Publié le Dimanche 9 mars 2025 à 15h00.

La Belle de Mai. Fabrique de révolutions, de Mathilde Ramadier et Élodie Durand

Éditions Futuropolis, 2024, 144 pages, 22 euros.

On connaissait la « belle grève des femmes », celle des ouvrières sardinières de Douarnenez en 1924, racontée récemment par Anne Crignon1. C’est par la BD que nous découvrons celle des ouvrières cigarettières de Marseille à l’hiver 1887.

Une grève victorieuse

Avec de jolis dessins en noir et blanc… et bleu, les autrices nous racontent cette histoire de dignité ouvrière, de dignité de femmes. Depuis les jours qui précèdent la grève jusqu’à leur victoire, car oui, pas de suspens, elles obtiendront satisfaction sur l’essentiel de leurs revendications. Une issue presque incroyable, tant les ouvrières de la manufacture de tabac cumulaient les handicaps.

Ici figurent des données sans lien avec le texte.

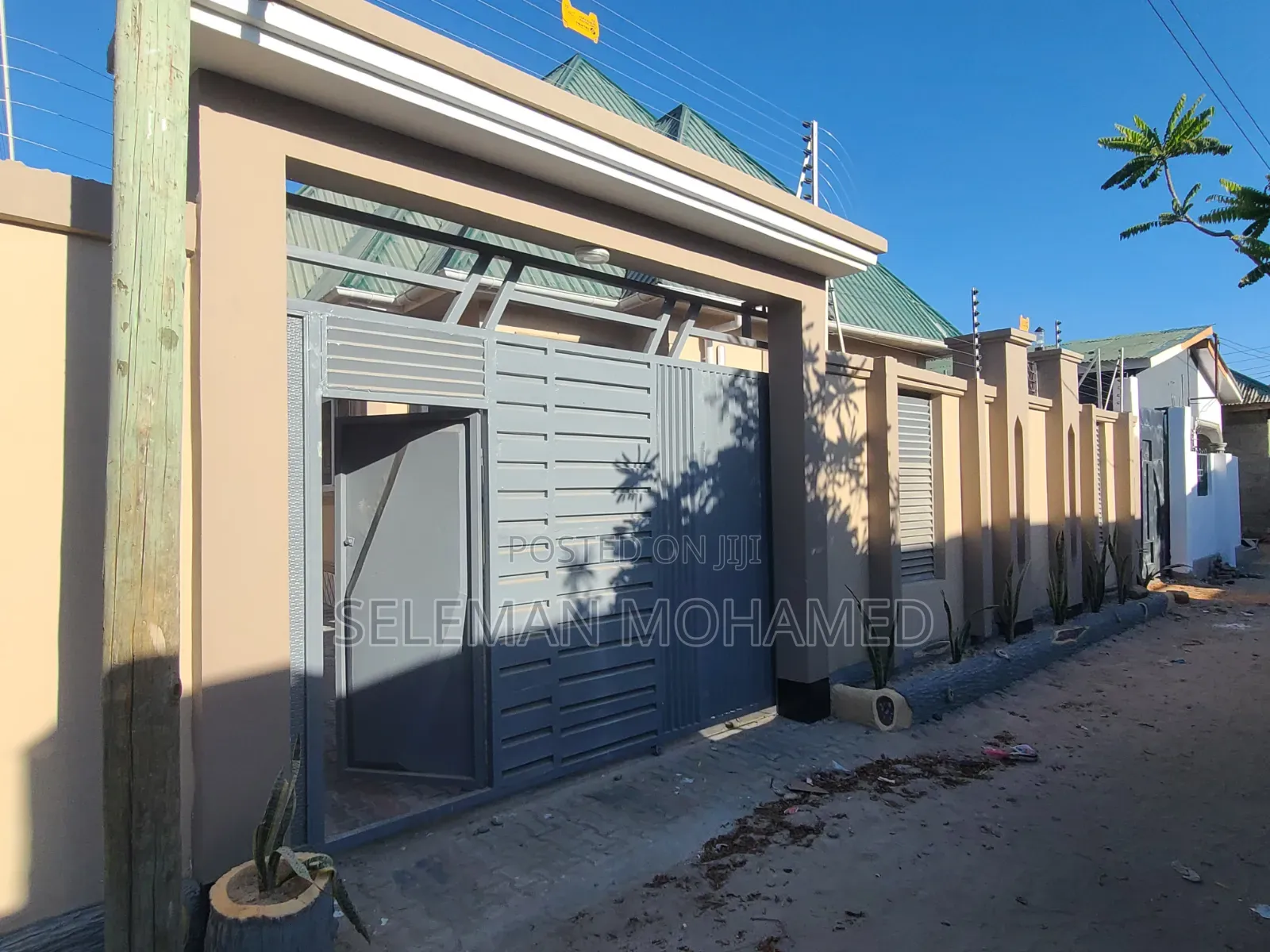 Furnished 3bdrm House in Biriani Real Estate, Chamazi for sale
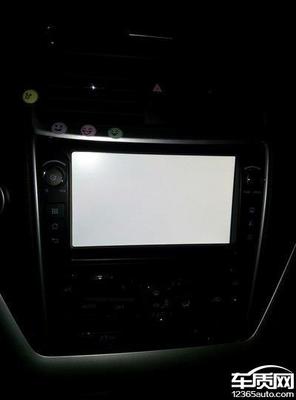 吉利帝豪車載導(dǎo)航常見故障解析 死機(jī)、黑屏和白屏原因與解決方案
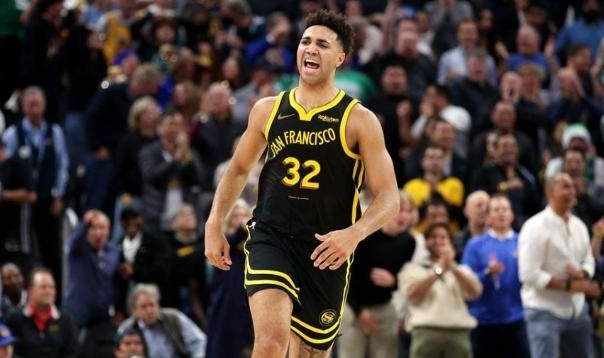 pp电子平台-格林落，万物生 勇士5连胜新老更替 终见未来曙光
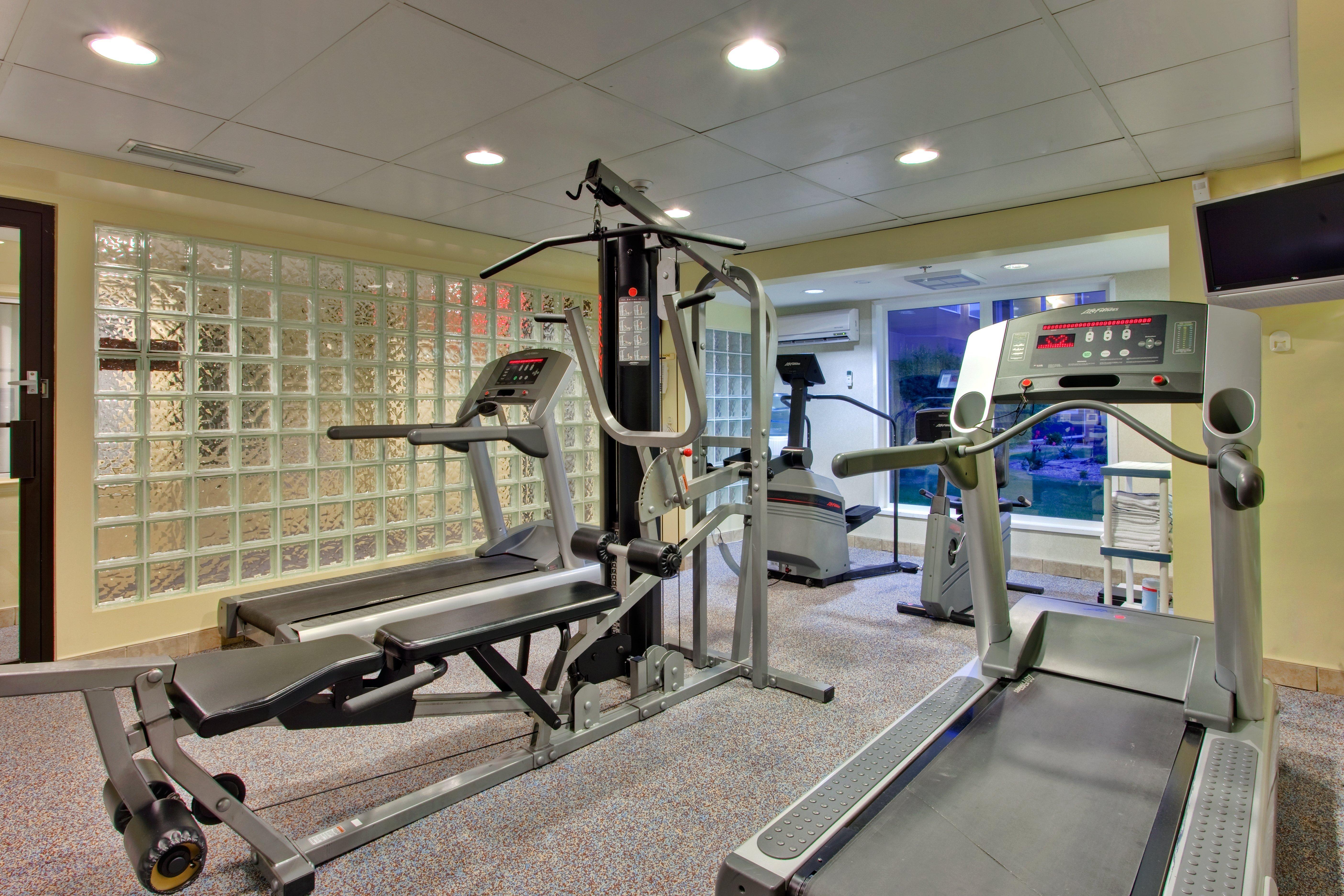 Holiday Inn Express Red Deer By Ihg Экстерьер фото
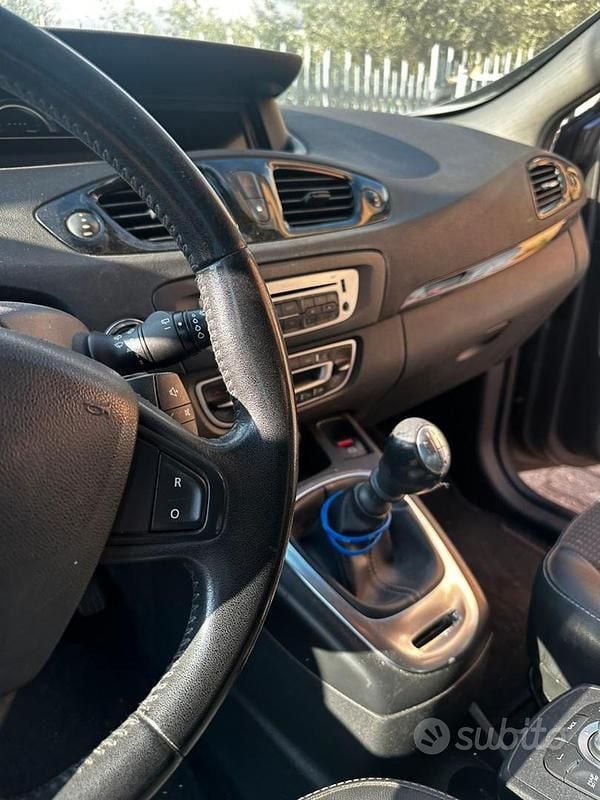 Usata Renault Scénic III XMOD 110 CV (80 kW) 2013 Grigio Monovolume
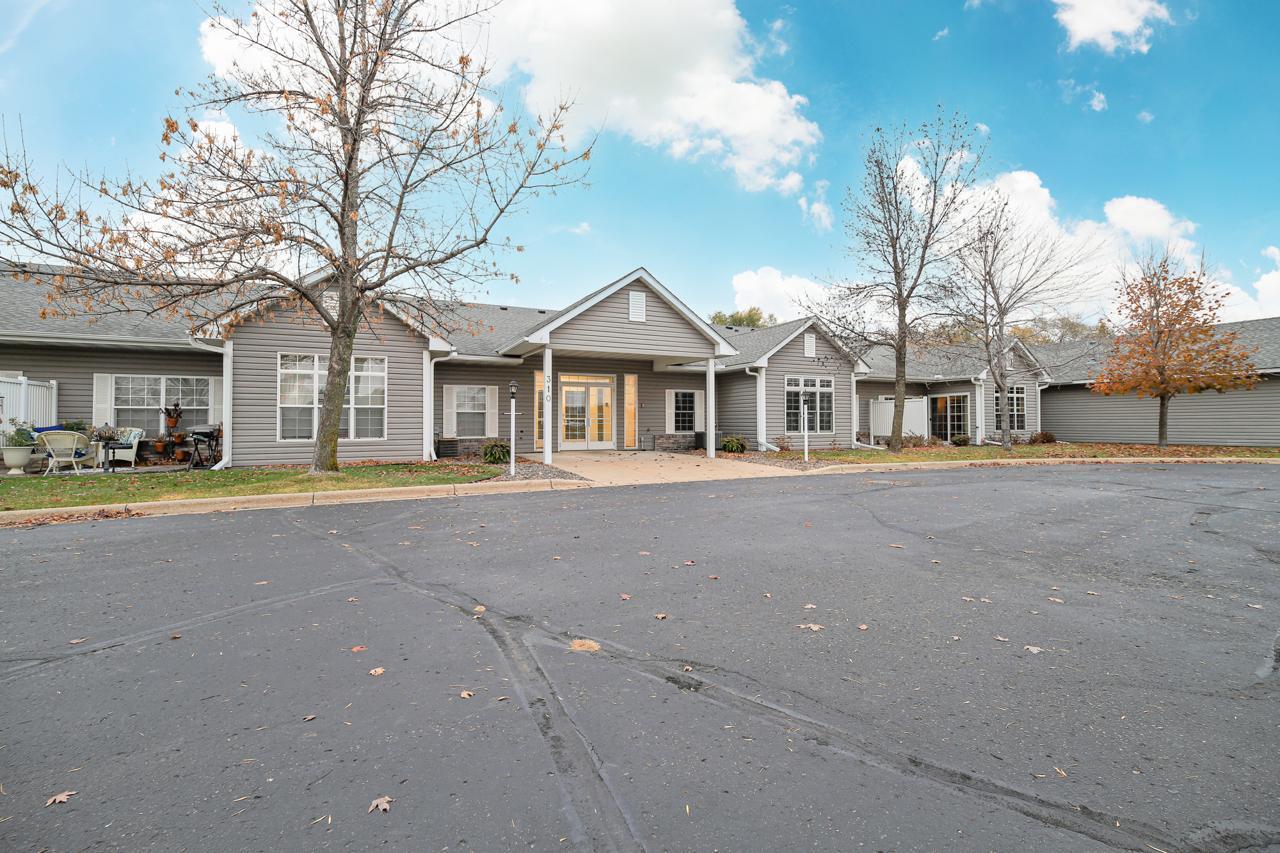 Listings for Ed Iverson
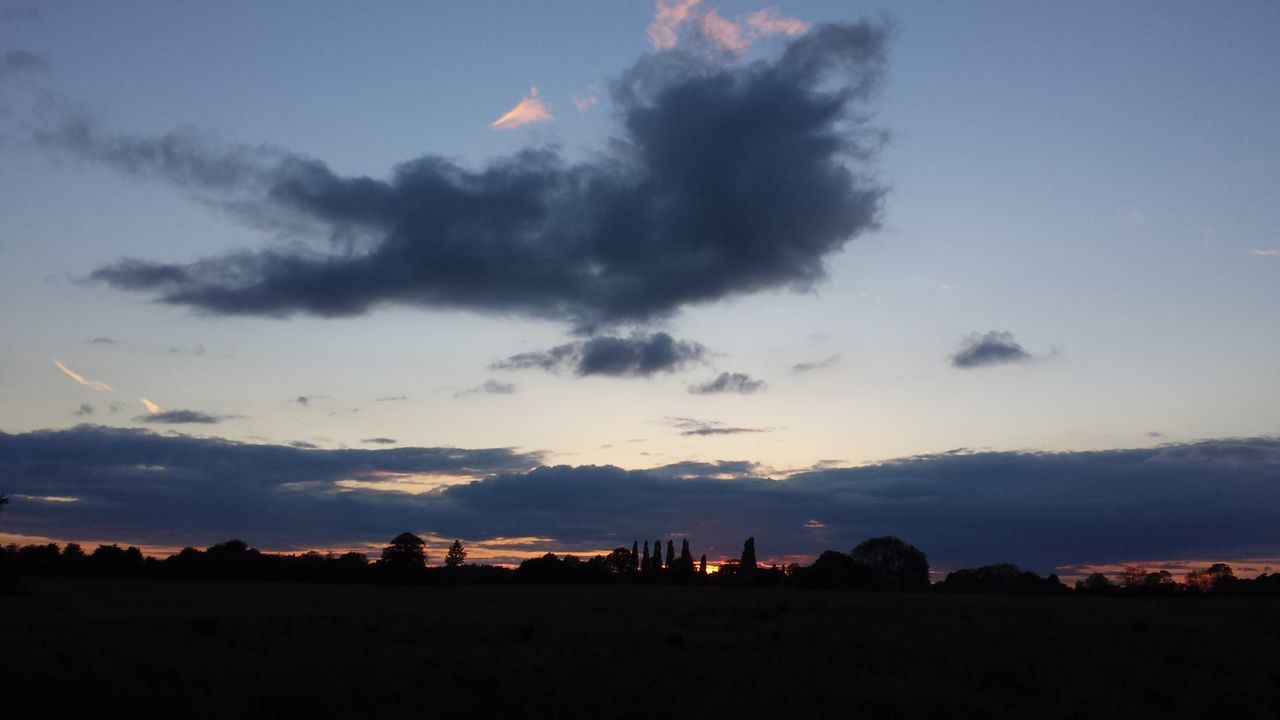 building exterior, built structure, architecture, sky, house, sunset, silhouette, landscape, cloud - sky, residential structure, dusk, scenics, residential building, tree, field, beauty in nature, nature, tranquility, tranquil scene, cloud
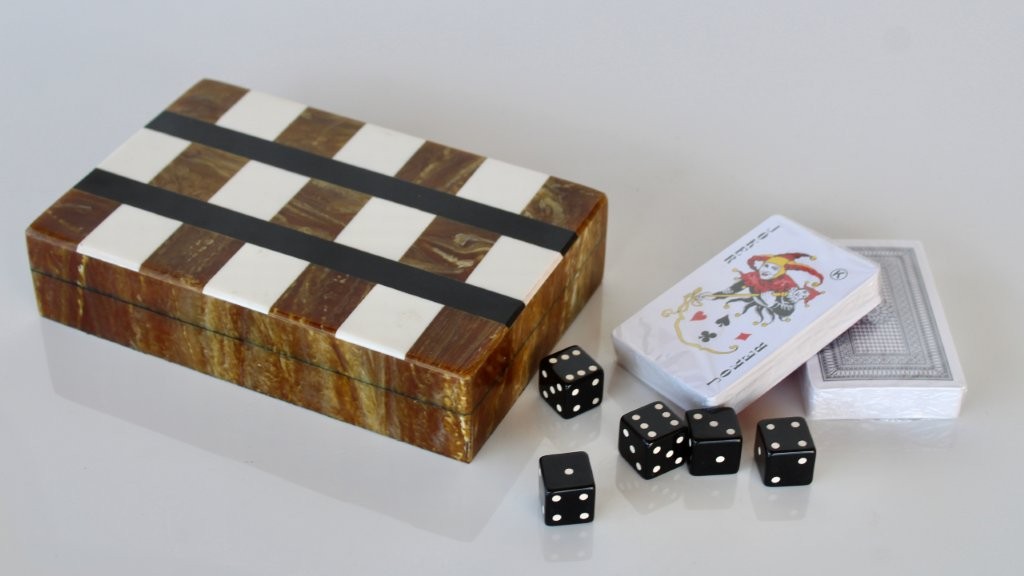 BLACK, WHITE & BROWN CARD & DICE BOX  4.5X19X12CM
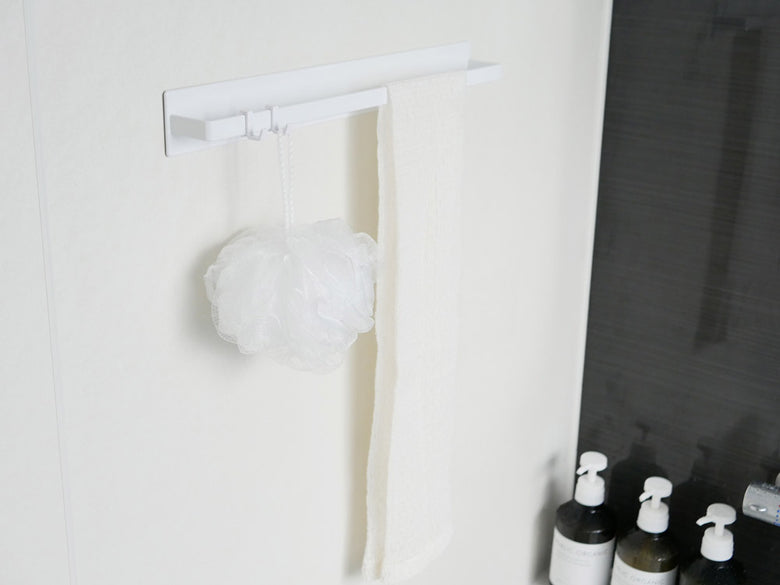 【tower/タワー】マグネットバスルームタオルハンガー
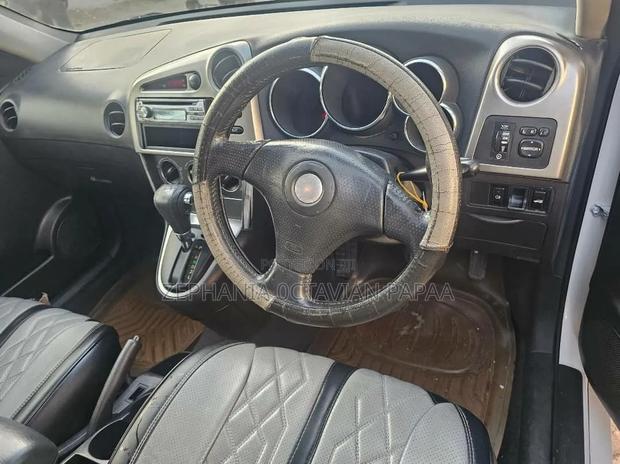 Toyota Voltz 2004 White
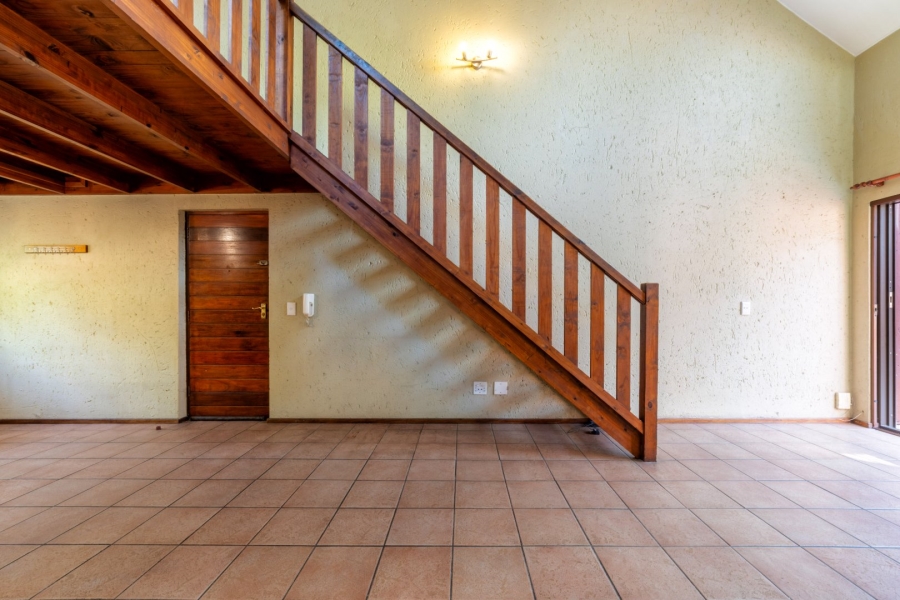 To Let 2 Bedroom Property for Rent in Sunninghill Gauteng
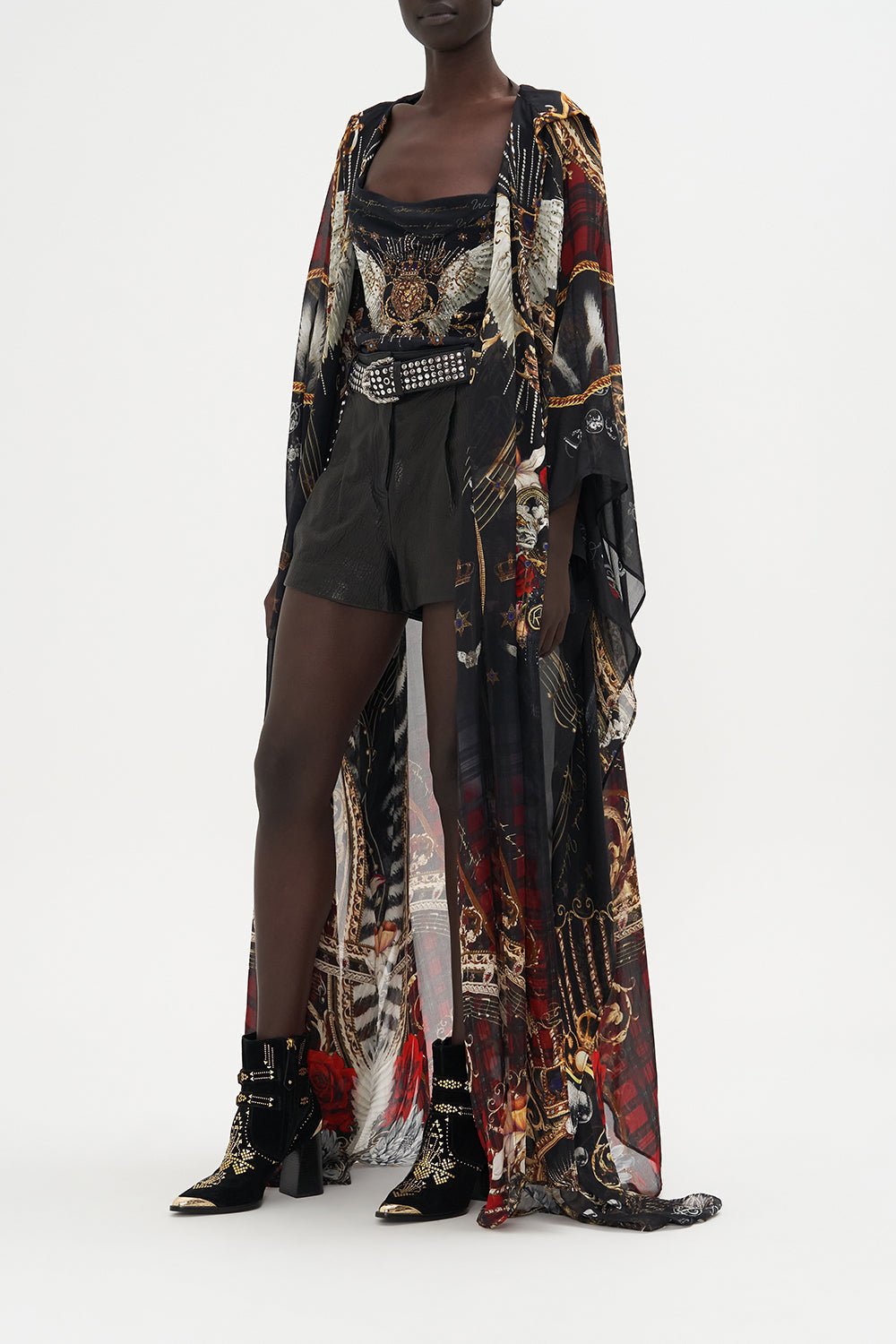 OVERSIZED ROBE DO I ENTERTAIN YOU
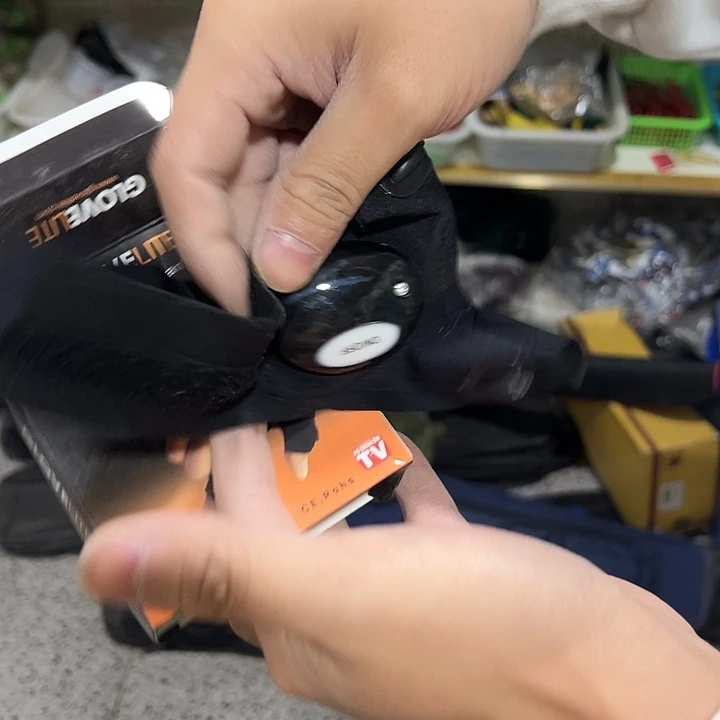 两指手套带灯随机发一个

Les conditions de travail étaient pénibles : il faisait très froid dans les ateliers et les contremaîtres jouaient parfaitement leur rôle de surveillance, de pression et de répression, avec comme illustration la plus violente, les fouilles au corps à la débauche, pratiquées par des chefs zélés. C’est l’accumulation de toutes ces souffrances qui va finir par déclencher le mouvement de colère. Après plusieurs discussions, certaines ouvrières plus remontées que d’autres vont réussir à amorcer la riposte collective, avec la grève « sur le tas ».

Écho médiatique

Une jeune femme journaliste au Petit Provençal dans la ville donne plus de poids à la grève en la faisant connaître largement. Comme pour les sardinières, une journaliste avait aussi aidé à donner un écho important à leur grève. En conséquence, la confiance commence à changer de camp. Les patrons sûrs de leur pouvoir commencent à douter. Méprisant les ouvriers et les femmes, ils considéraient que la grève ne tiendrait pas.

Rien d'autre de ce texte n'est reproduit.